After my series of recent blogs on top hat plan litigation, inquiring minds want to know* (and have written to ask), with all this case law, just what the heck is the standard for determining whether a plan qualifies for the top hat exemption from ERISA.
The answer is that it depends on where the company is located; that is, in which federal circuit. However, the informal list of key factors for determining whether the plan limits coverage to a select group, which I have collected over the years based on case law, Department of Labor (DOL) views, and experience with clients, is as follows:
- The percentage of total workforce covered by the plan (not the percentage of eligible employees actually participating).
- The number of employees covered by the plan (generally, all of those employees who are eligible).

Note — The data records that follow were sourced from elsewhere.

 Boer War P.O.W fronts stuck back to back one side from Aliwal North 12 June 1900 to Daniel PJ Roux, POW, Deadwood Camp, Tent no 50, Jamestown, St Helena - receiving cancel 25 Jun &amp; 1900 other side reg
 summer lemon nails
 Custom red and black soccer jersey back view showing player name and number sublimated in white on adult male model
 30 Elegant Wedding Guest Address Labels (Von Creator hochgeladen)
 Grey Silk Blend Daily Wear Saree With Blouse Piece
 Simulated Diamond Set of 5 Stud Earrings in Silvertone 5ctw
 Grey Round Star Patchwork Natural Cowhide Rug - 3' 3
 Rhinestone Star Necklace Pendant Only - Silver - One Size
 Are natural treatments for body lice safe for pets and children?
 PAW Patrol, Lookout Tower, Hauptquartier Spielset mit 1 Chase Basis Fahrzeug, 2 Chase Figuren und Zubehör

- The compensation of lowest level(s) of employees covered by the plan and the location of the employees covered by the plan (i.e., $100,000 annual compensation means something different in Manhattan, NY than it does in Manhattan, Kansas).
- The title and responsibilities of covered employees.

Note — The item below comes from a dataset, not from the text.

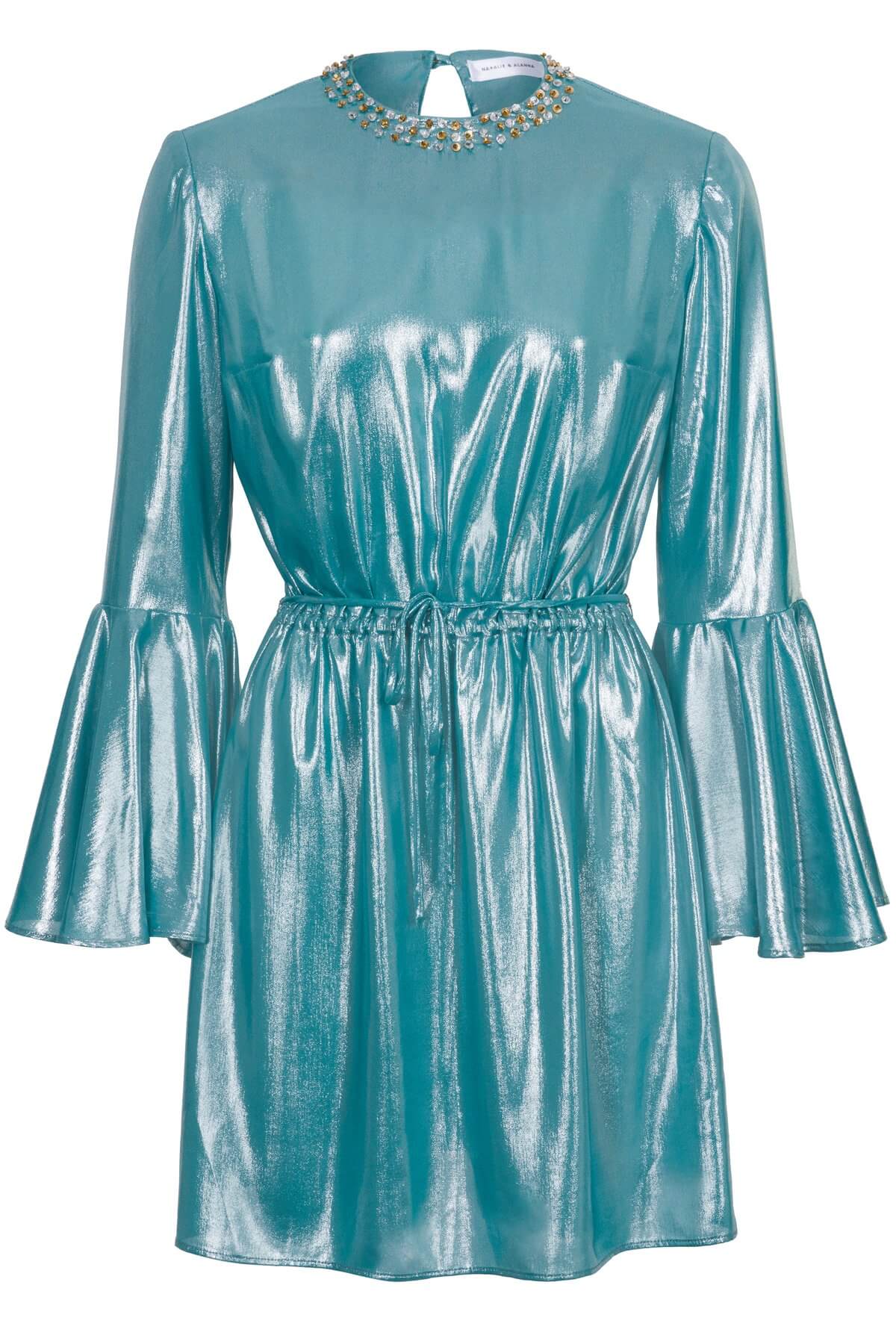 Pre-Order Beverly Metallic Chiffon Mini Dress - Women's Dresses : Natalie & Alanna - Women's Clothing & Accesssories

- The extent to which the employees were “selected” by the Board or management—as opposed to being covered because they fall within a general plan definition. (Note that the latter situation can be countered by evidence showing the selection process preceded the definition.)
- The extent to which covered employees have a say in management or any other ability to influence management decisions. (This one is pushed by the DOL, but not accepted by the courts. However, it could be useful as a tiebreaker to an employer evaluating plan coverage.)